La recherche s’emballe et de nouveaux vaccins viennent compléter l’arsenal existant. Des lancements voués à se multiplier au cours des prochaines années.

Avec la pandémie de Covid-19, l’ARN mes­sa­ger a été pro­pulsé sur le devant de la scène. On dispose désormais de nou­­vel­les technologies vaccinales mais aussi de nouveaux vaccins, lancés par les laboratoires pharmaceutiques.

Les derniers-nés

Chaque hiver, le virus respiratoire syn­cytial, responsable de la bronchiolite, est à l’origine d’hospita­lisa­tions de nourrissons et de personnes âgées. Le vaccin mater­nel Abrysvo®, élaboré par Pfizer, a été autorisé par l’Agence européenne des médicaments (EMA) et devrait être disponible en 2024 : il s’adresse aux femmes enceintes à partir du 3e trimestre (la mère transmet ses anticorps au fœtus, ce qui protège de façon passive l’enfant de sa naissance à ses 6 mois) et aux personnes de plus de 60 ans.

Le virus du chikungunya, transmis par le moustique-tigre, provoque de la fièvre et des douleurs articulaires violentes, des symptômes qui peuvent durer des mois. Mis au point par le groupe Valneva, Ixchiq®, qui contient le virus atténué, a reçu un avis positif de l’EMA.

Autre nouveauté, l’autorisation par l’Organisation mondiale de la santé de deux vaccins pour prévenir le paludisme, potentiellement mortel, chez les enfants à risque de contracter la maladie (en Afrique).

Dans les tuyaux

Contre la maladie de Lyme, causée par une bactérie (Borrelia) transmise par les tiques, le vaccin VLA15®, développé conjointement par les laboratoires Pfizer et Valneva, a passé avec succès la phase 2 des essais cliniques. La phase 3 est lancée et, sous réserve de résultats positifs, sa commercia­lisation pourrait intervenir en 2026.

Un nouveau vaccin, par voie nasale, en prévention des infections de coqueluche et pour empêcher la transmission bactérienne entre individus est en cours de développement (les vaccins actuels protègent contre l’appa­rition des symptômes).
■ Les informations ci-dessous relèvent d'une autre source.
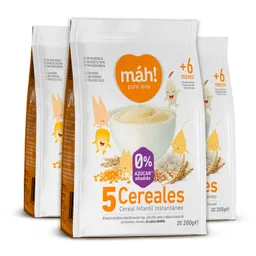 3x Cereal Infantil Máh! 5 Cereales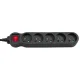 Maclean MCE184 Power Strip, 5 Outlets with Switch, 3m, 2300W, Black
Également dans les tuyaux, des vaccins contre l’asthme ou encore le VIH. Pour ce dernier, plusieurs pistes sont examinées, dont le vaccin à acides nucléiques (à ADN), pour la prévention du cancer du foie, l’un des cancers les plus mortels. Il consiste à faire fabriquer un antigène par le corps, sa synthèse entraînant la fabrication d’anticorps. 

ARN messager, quèsaco ?

La technologie de l’ARNm (acide ribonucléique messager), à laquelle on doit les vaccins anti-Covid, constitue une révolution, notamment parce qu’elle permet de concevoir des vaccins en quelques mois. Les vaccins à ARNm utilisent un petit morceau du matériel génétique du virus de sorte à déclencher une réponse immunitaire. « On injecte la séquence qui va permettre de fabriquer la protéine du virus, comme la protéine Spike (protéine S) du coronavirus, dans les cellules de l’organisme. Si une personne vaccinée est infectée par la suite, ses défenses immunitaires vont reconnaître la protéine S du virus et la neutraliser. L’ARN ne peut pas s’intégrer au matériel génétique de l’hôte humain vacciné », explique Paul-Henri Consigny, de l’Institut Pasteur.